Successful exploits targeting IoT vulnerabilities have demonstrated they can provide an effective foothold onto enterprise networks. A flaw in a foundational protocol such as the SIP stack in VoIP phones and applications can be especially troublesome given the scale and reach shown by attacks against numerous other third-party components used by developers in software projects.

“During our work we discovered that a simple, misplaced slash in an invalid SIP message header could trigger a dereference vulnerability in the belle-sip C library used to implement SIP transport, transaction, and dialog layers,” Brizinov said. “This is a unique zero-click vulnerability that may be remotely exploitable, and could affect any device running a vulnerable version of belle-sip library and crash the VoIP client.”

Team82, Claroty’s research arm that investigates industrial software, networks, and protocols for vulnerabilities and works in a coordinated manner with vendors to get flaws addressed before hackers exposed them, found the null pointer dereference vulnerability in the Linphone belle-sip component. 

“Belle-sip is a C library with an object-oriented API used to implement SIP transport, transaction, and dialog layers; there’s also a HTTP/HTTPS client implementation,” according to Brizinov. “The vulnerability is remotely exploitable, requiring no action from the victim. This is a dangerous zero-click attack requiring only an invalid SIP message header to be sent that would crash the client and create a denial-of-service condition.”

All belle-sip versions before v 4.5.20 in Linphone and likely other similar products are affected. The vulnerability was fixed in v4.5.20 of the SIP protocol stack, Brizinov said. As with most third-party components, patching the core protocol stack is the right first step, but those updates must be applied downstream as well by vendors using the affected SIP stack in their respective products. Linphone’s website, for example, cites close to 30 reference customers, including vendors such as BT, Acer, and Swisscom, all of whom develop VoIP applications with Linphone at their core, he added.

Linphone is a free voice-over IP softphone, SIP client, and service, which may be used for audio and video direct calls and calls through any VoIP softswitch or IP-PBX. Under the hood, Linphone uses the belle-sip component for handling low-level SIP message parsing. Linphone’s website states it has globally has over 200 corporate customers in various sectors, including telecommunications, secure communications, social networking, home automation, telepresence, and IoT.

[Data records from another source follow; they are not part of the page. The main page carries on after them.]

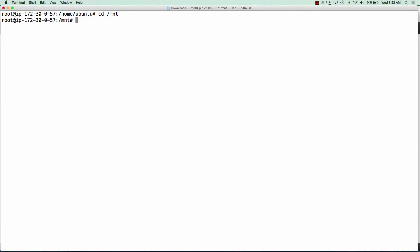We're going to go into the mount directory and we're just going to make a directory called EFS. You can see that EFS is in here. And what we're going to do is mount that IP address to the EFS folder that we just created.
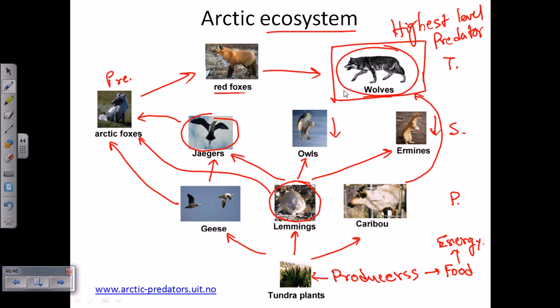For example, red fox and wolf feed on meat — they are meat lovers, they are carnivores. Lemmings, geese, and caribou are herbivores — they feed on plants only. If we take all these plant-eating animals out of the scene, there will be nothing to serve as the intermediate part between the producer and the consumer.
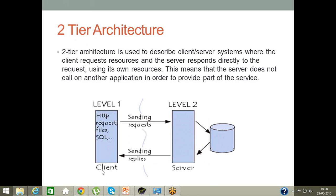The second problem in two-tier architecture was load. If hundreds of users access your website and suddenly a huge number of requests hit the server, the server could become completely overloaded. Since the database and application exist on the same server, the database can affect the application, or the application can affect the database, causing the server to go down completely.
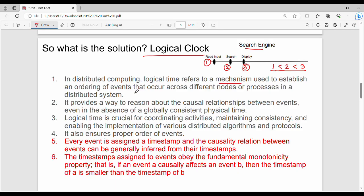Additionally, logical time provides a way to reason about the causal relationships between events, even in the absence of a globally consistent physical time. In this point, I am telling you that it provides consistent shared understanding, and the events have causal relationships.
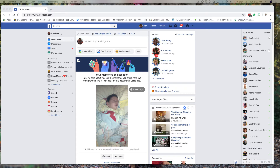I wanted to do a short video on how to set up the permissions so that somebody with a Zoom account can go live and do a Facebook Live on your profile.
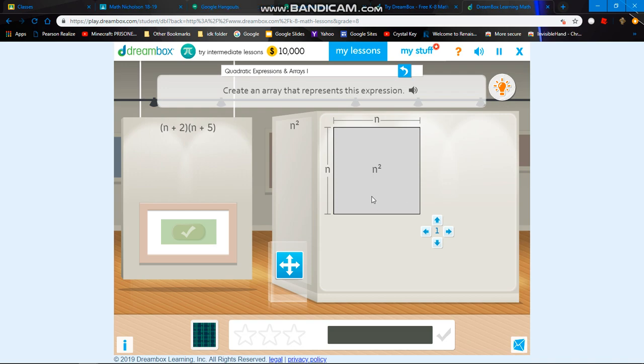Hello everyone. I am doing Dreambox tutorials on Dreambox lessons, and in this video I will be doing a Dreambox tutorial on quadratic expressions, Area 1.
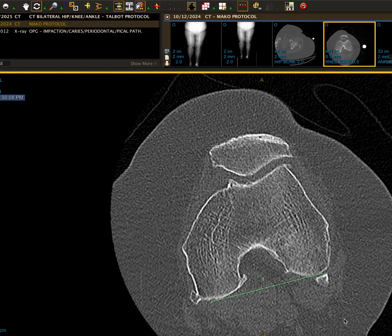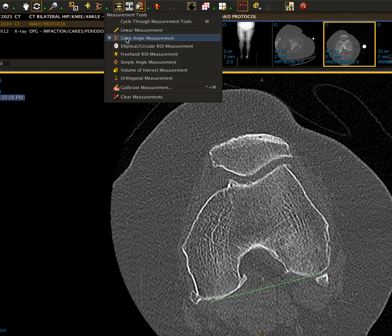For this demonstration I'm using the IntelliViewer software program, though all standard viewing programs can perform these same measurements. You'll see in the menu bar some tools I'm going to use today: the rotation tool, the Cobb angle measurement, and the circular measurement tool.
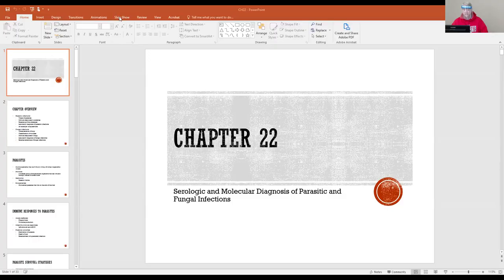Share screen, PowerPoint, and slideshow begin.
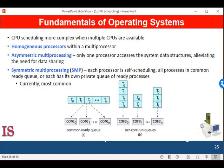Traditionally, the term multiprocessor refers to systems that provided multiple physical processors, where each processor contained a single core CPU. However, as microcomputer technology has progressed, the definition of multiprocessor has evolved significantly, and on modern computer systems, multiprocessor now applies to the following system architectures.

“The underlying bug here is that non-SIP URIs are accepted as valid SIP header values. Therefore, a generic URI such as a simple single forward slash (/), will be considered a SIP URI,” according to Brizinov. “This means that the given URI will not contain a valid SIP scheme (scheme will be NULL), and so when the compare function is called with the non-existent scheme (NULL), a null pointer dereference will be triggered and crash the SIP client. In other words, a simple INVITE packet such as this will crash the SIP client application because of a NULL pointer dereference,” he added.

Given the malicious header value </, the generic_uri is called to parse a given header value which should be a valid URI. Since the URI is / it will pass all checks and a generic URI will be created. Since a forward slash is considered a valid path segment, no errors will be raised, Brizinov pointed out in the post.

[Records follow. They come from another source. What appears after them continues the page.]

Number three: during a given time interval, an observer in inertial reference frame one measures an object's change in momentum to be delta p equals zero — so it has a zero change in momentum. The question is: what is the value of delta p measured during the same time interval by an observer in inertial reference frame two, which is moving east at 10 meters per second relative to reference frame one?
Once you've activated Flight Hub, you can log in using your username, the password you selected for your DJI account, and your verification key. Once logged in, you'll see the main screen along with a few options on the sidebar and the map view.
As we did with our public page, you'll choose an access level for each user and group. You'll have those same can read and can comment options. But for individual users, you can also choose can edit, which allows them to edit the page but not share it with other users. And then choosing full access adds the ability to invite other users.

Next, a scheme will be extracted from the parsed URI. Since there is no scheme, a NULL pointer will be returned. The returned pointer is not checked. Finally, ‘strcasecmp’ will get called with a NULL pointer and ‘sip’ as arguments. The first parameter will be dereferenced, and a segmentation fault will occur, he added.

Every SIP client in a SIP network is listening for INVITE requests from other clients. Once an INVITE message is received, the SIP client will parse the message and respond accordingly. Therefore, it is possible to exploit this vulnerability without user interaction (zero-click), Brizinov wrote

All that is needed to exploit this remotely is to send to any SIP client in the network an INVITE SIP request with a specifically crafted From/To/Diversion header that will trigger the NULL pointer dereference vulnerability. Any application that uses belle-sip under the hood to parse SIP messages is vulnerable and will crash upon receiving a malicious SIP ‘call,’ he added.